**Dataset extract:**
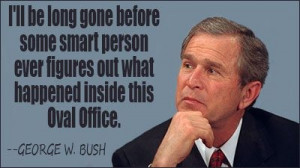 George w bush quote popular
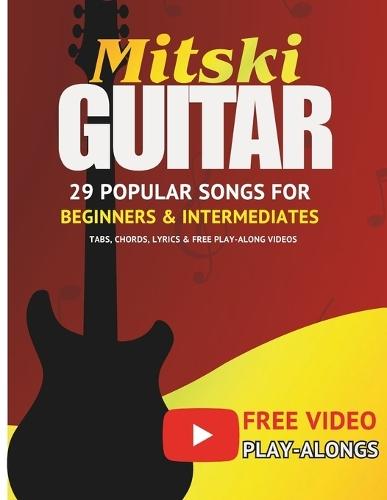 Mitski Guitar Songbook: 29 Popular Songs for Beginners & Intermediate Players (Tabs, Chords, Lyrics & Free Play-Along Videos)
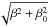 \hbox{$\sqrt{\beta^2+\beta_0^2}$}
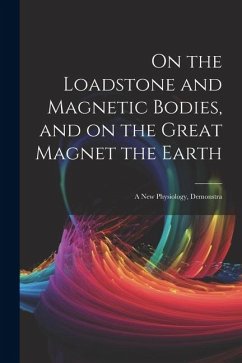 On the Loadstone and Magnetic Bodies, and on the Great Magnet the Earth; a new Physiology, Demonstra - Anonymous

**Exercise details:** What is needed is the full material, retyped unchanged, with no pictures in it.

**Solution to the problem:**
 George w bush quote popular
 Mitski Guitar Songbook: 29 Popular Songs for Beginners & Intermediate Players (Tabs, Chords, Lyrics & Free Play-Along Videos)
 \hbox{$\sqrt{\beta^2+\beta_0^2}$}
 On the Loadstone and Magnetic Bodies, and on the Great Magnet the Earth; a new Physiology, Demonstra - Anonymous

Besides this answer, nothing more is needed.